Блокада. Книга 5
Шрифт:
— Я понял.
— У вас все? — спросил Сталин.
— Да, товарищ Сталин, — ответил Яковлев, но, почувствовав, что тот не повесил трубку, продолжал держать в руке и свою. Наконец тихо спросил: — Как… с Москвой?
— Под Москвой идут бои, — после паузы ответил Сталин. — Главное, что вам надо сейчас знать и помнить, — это что исход сражения решается не только под Москвой. В не меньшей мере успех зависит от того, когда и сколько вы дадите истребителей. Вы поняли меня? В не меньшей.

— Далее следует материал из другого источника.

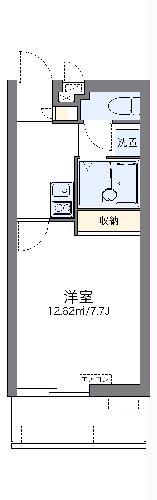 レオパレスちゅら(1K/4階)の間取り写真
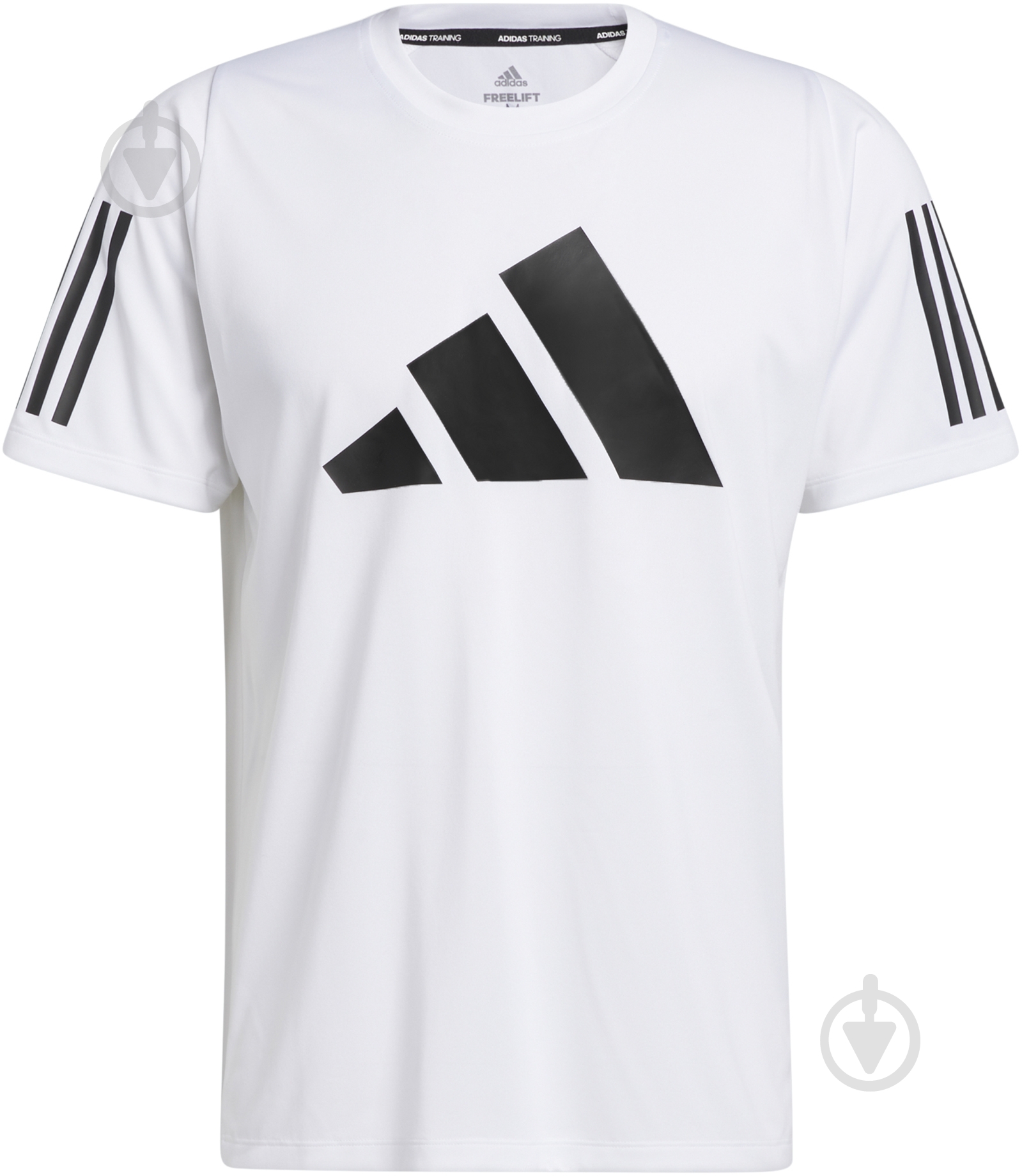 Футболка Adidas FL 3 BAR TEE GL8919 р.L белый - фото 3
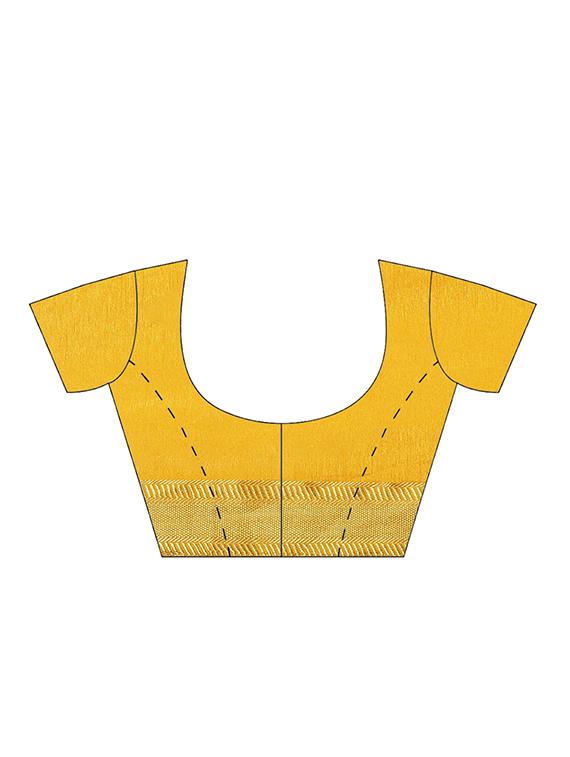 tie & dye woven saree with blouse - 17415923 - Zoom Image - 5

— Да, я понял вас, товарищ Сталин.
— До свидания.
…Услышав
— Ну, что он сказал?! — впиваясь глазами в Яковлева, нетерпеливо спросил сидевший рядом Кулагин.
— Истребители нужны, вот что он сказал, — помедлив, ответил Яковлев.
— А под Москвой, что он сказал о Москве?
И перед глазами Яковлева встала картина недавнего прошлого. Тогда он задал Сталину тот же вопрос…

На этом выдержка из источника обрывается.